Last Updated March 4, 2021 4:56 PM
Samburaj Das
Last Updated March 4, 2021 4:56 PM

The South Korean government is moving to lessen the burden on FinTech companies who use bitcoin for foreign currency transfers by lowering their minimum capital requirements.

According to a report from Korean news outlet PulseNews , local FinTech companies who offer bitcoin-mediated foreign currency transfer services will see easier regulations come July this year. There are about 20 FinTech companies who use bitcoin for foreign currency transfer services to Korean citizens.
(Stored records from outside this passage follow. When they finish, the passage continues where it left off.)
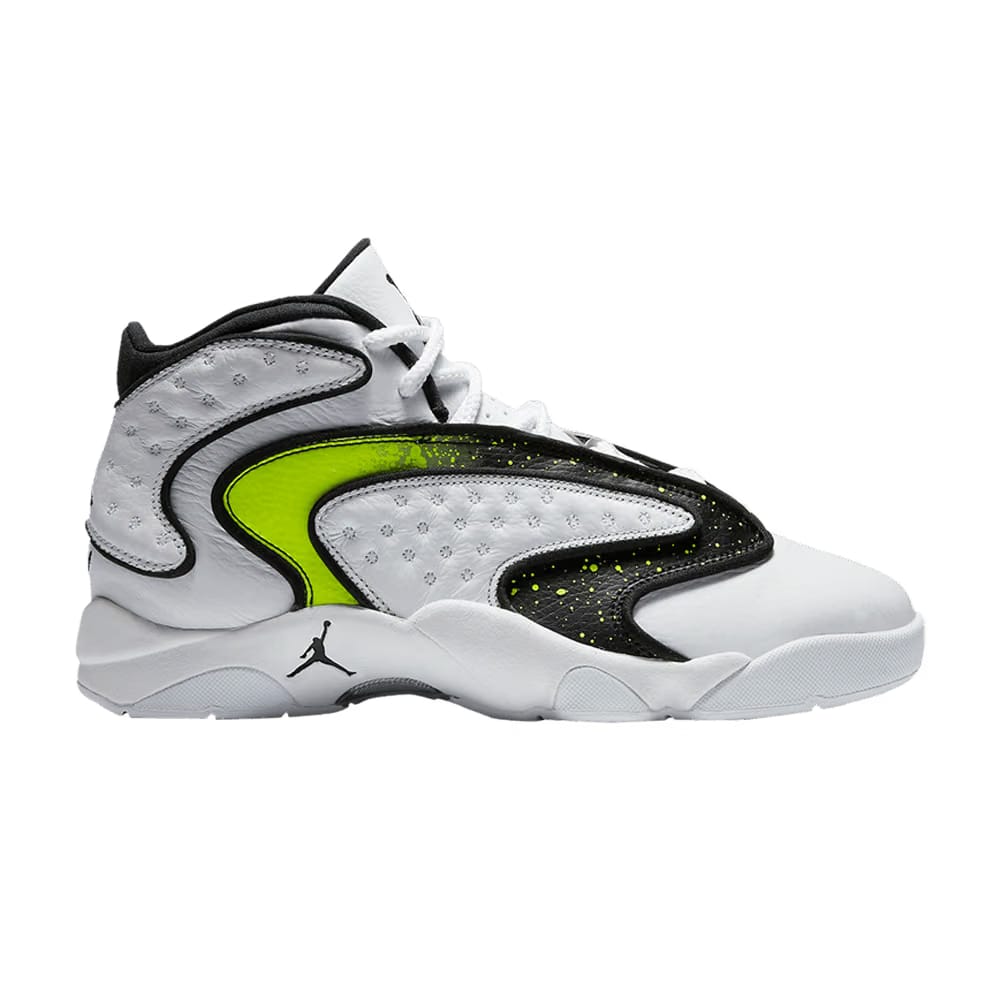 Wmns Air Jordan OG 'Volt Splatter'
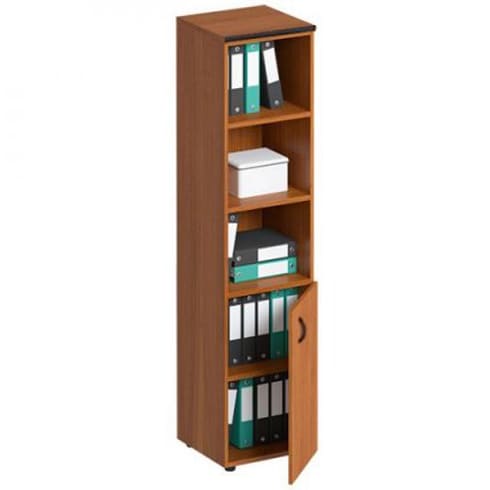 Шкаф для документов полузакрытый узкий ДР 752 ОФ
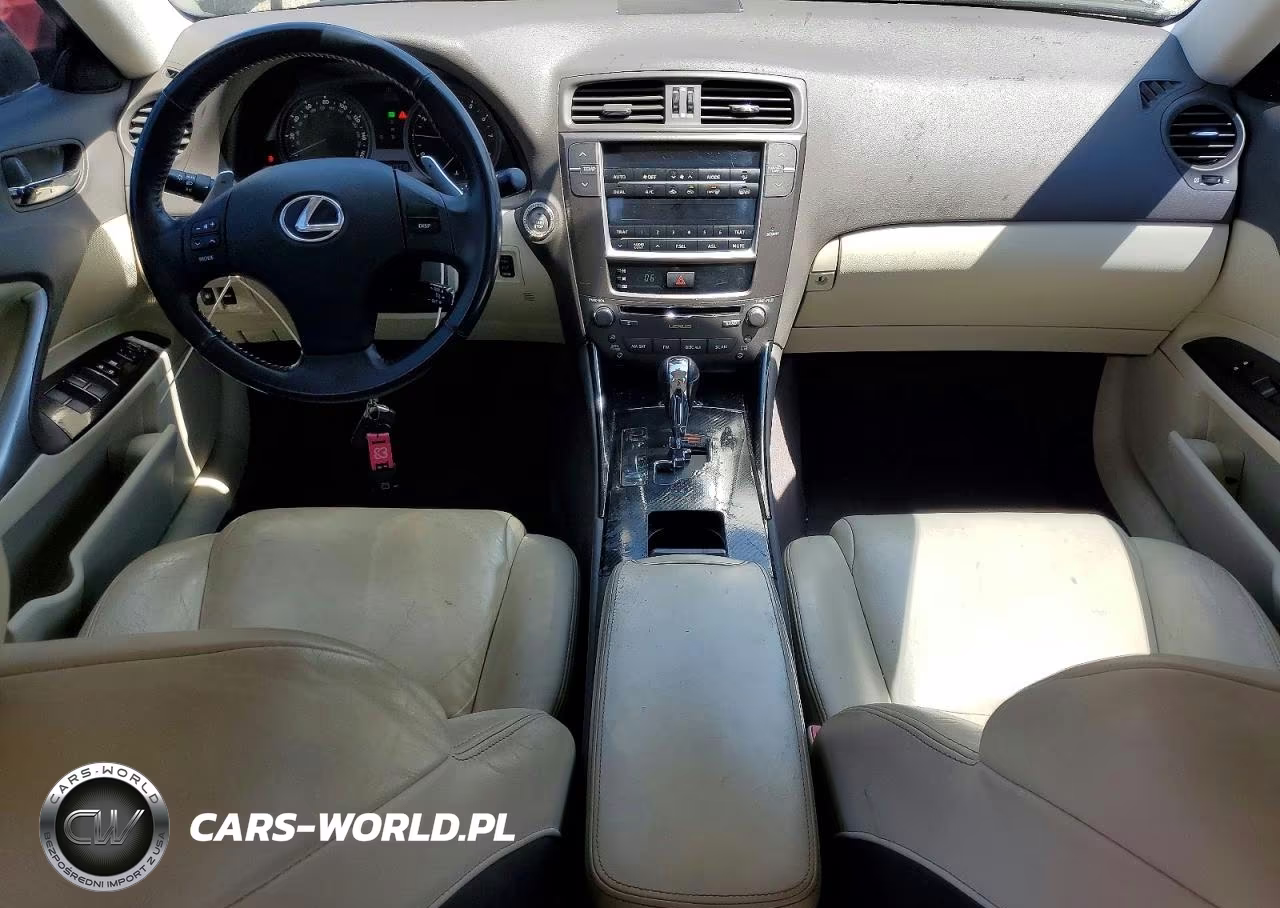 2009 Lexus Is 250 VIN:JTHBK262495091621 - 8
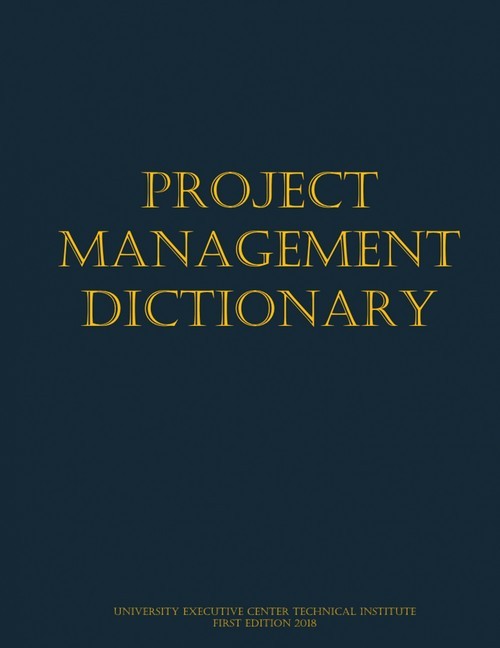 Project Management Dictionary main product photo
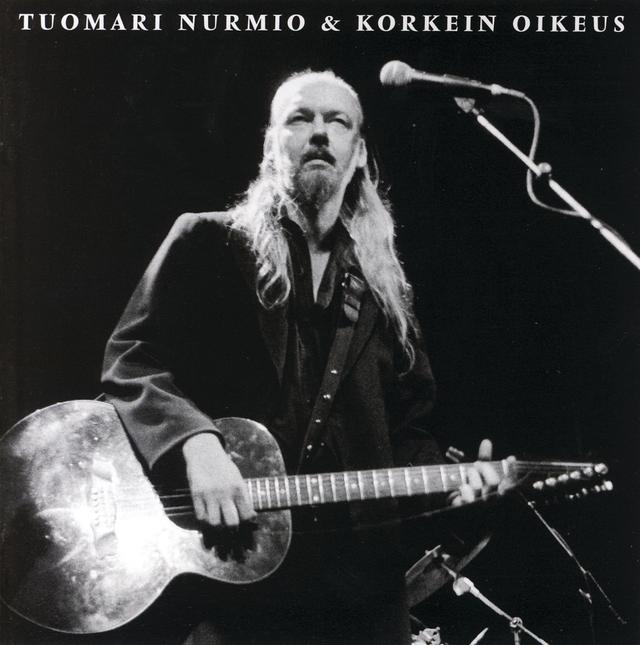 Album cover art for Tuomari Nurmio & Korkein Oikeus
The South Korean government is set to lower the minimum equity capital criteria for FinTech companies in the foreign remittance space, according to the revised Foreign Exchange Transactions Act. The publication cites a financial industry source who pointed to the call made by the Ministry of Strategy and Finance, the government body that oversees the financial policies of the South Korean government.

Against the previous minimum of more than ₩2 billion ($1.76 million), Korean FinTech firms will see that figure cut in half. Effective July 18, they will be required to hold ₩1 billion (approx. $882,000) in equity capital to offer foreign exchange currency transfer services using bitcoin in Korea.

The Foreign Exchange Transactions Act  was originally revised in February this year as the South Korean government allowed FinTech agencies, beyond banks, to offer foreign currency transfers if registered as such. However, the ₩2 billion minimum capital requirement was a figure too steep for FinTech companies. None of the 20 bitcoin-based remittance companies, met that criteria.

Foreign Currency Transfers using Bitcoin

A typical bitcoin-mediated foreign currency transfer is initiated when a sender deposits money in a fiat currency. The fiat currency is paid to a local bitcoin exchange, which sees the money’s equivalent in bitcoin transferred to a bitcoin company in the recipient’s destination. Here, the company uses a bitcoin exchange service to cycle the bitcoin back to fiat, before the recipient receives the money in the local currency.

Traditional bank remittance through SWIFT routinely takes about 3-4 days between payment and settlement of the transaction and incurs up to 6% of the remittance in fees. PayPal and other wire transfer agencies have made transfers faster and somewhat cheaper over the past decade. However, a bitcoin-based remittance agencies offer same-day foreign transfers with a significantly cheaper fee, about 1% or below.

Even banks have taken notice, taking advantage of bitcoin’s benefits. In November, South Korea’s Shinhan Bank announced a remittance service, backed by bitcoin, to benefit money transfers in the Korea-China corridor. One of South Korea’s largest financial institutions with over $250 billion in assets, Shinhan Bank is using an intermediary Hong Kong bitcoin exchange to facilitate the remittance service.

Commercial banks in Korea pay out as much as ₩500 billion (approx. $450 million) in remittance fees each year.